Touca vs. Unit Testing

Unit testing is the most established and effective method of testing software. Unit tests often give the fastest feedback to engineering teams and provide basic levels of confidence in the core functionality of small units of code.

Touca complements unit testing to provide higher levels of confidence in the impact of day to day code changes on the behavior and performance of larger system components across a much larger set of inputs.

Touca tests are slower to run but because they run continuously as part of the software development workflow, they often provide feedback before individual code changes are merged into the product, giving engineering teams increased confidence that their changes work as they expect.
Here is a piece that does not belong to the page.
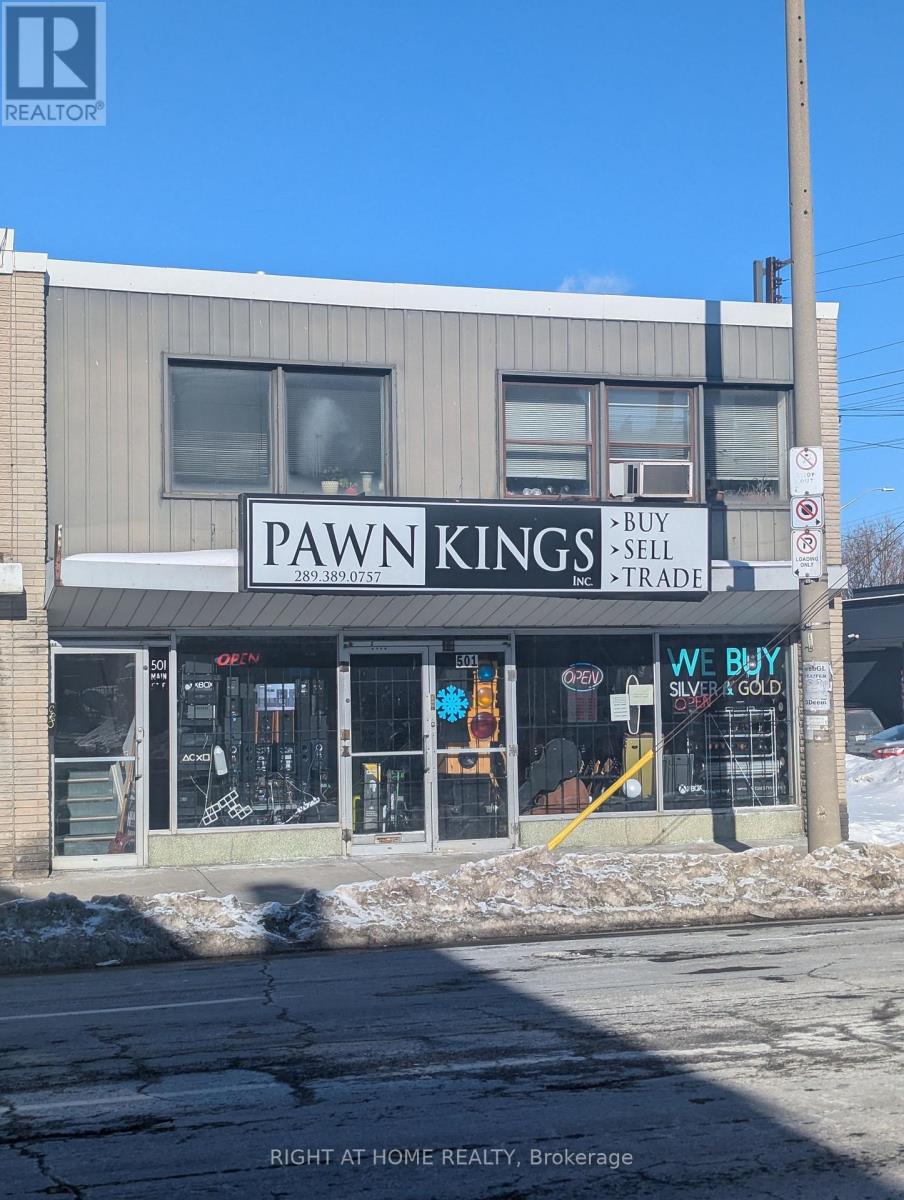 501 MAIN STREET E, Hamilton, Ontario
Here is a typical unit test for a simple software workflow that takes the username of a student and provides basic information about them.

from datetime import date
from students import find_student

def test_find_student():
    alice = find_student("alice")
    assert alice.fullname == "Alice Anderson"
    assert alice.dob == date(2006, 3, 1)
    assert alice.gpa == 3.9

    bob = find_student("bob")
    assert bob.fullname == "Bob Brown"
    assert bob.dob == date(1996, 6, 30)
    assert bob.gpa == 3.8

    charlie = find_student("charlie")
    assert charlie.fullname == "Charlie Clark"
    assert charlie.dob == date(2003, 9, 19)
    assert charlie.gpa == 3.3

With unit testing, we call our code under test, once for each test input, and match its actual output against expected values that we hard-code as part of our test logic.
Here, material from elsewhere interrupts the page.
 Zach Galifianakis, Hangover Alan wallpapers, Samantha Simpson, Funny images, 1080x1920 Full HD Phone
In the example above, our code under test has low intrinsic complexity and its input and output are simple enough that make it ideal for unit testing. But what if our software workflow took the profile picture of a student instead of their username? In that case:

We would need a large number of input images to gain confidence that our algorithm works correctly.
Describing the expected output for each image would be cumbersome.
When we make changes to our code under test, accurately reflecting those changes in our expected values would be time-consuming.
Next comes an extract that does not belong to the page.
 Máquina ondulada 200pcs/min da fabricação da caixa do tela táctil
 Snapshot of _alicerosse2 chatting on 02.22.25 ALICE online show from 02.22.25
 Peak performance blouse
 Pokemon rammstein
Here's a typical Touca test to address these challenges:

import touca
import computer_vision_model as code_under_test

def find_testcases():
    for file in Path("images").rglob("*.jpg"):
        yield file.stem

@touca.workflow(testcases=find_testcases)
def find_students(filename: str):
    profile_picture = Path("images").joinpath(filename).with_suffix(".jpg")
    student = code_under_test.predict(profile_picture)
    touca.check("fullname", student.fullname)
    touca.check("dob", student.dob)
    touca.check("gpa", student.gpa)

Unlike unit testing, Touca only captures the actual behavior and performance of our workflow and compares them against a previous trust version. This approach makes Touca test code decoupled from our test inputs, allowing us to scale the number of our test inputs without increasing the overall maintenance cost of our test.

Touca is very effective in addressing common problems in the following situations:

When we need to test our workflow with a large number of test cases with various characteristics.
When the output of our workflow is too complex, or too difficult to describe in our unit tests.
When interesting information to check for regression is not exposed through the interface of our workflow.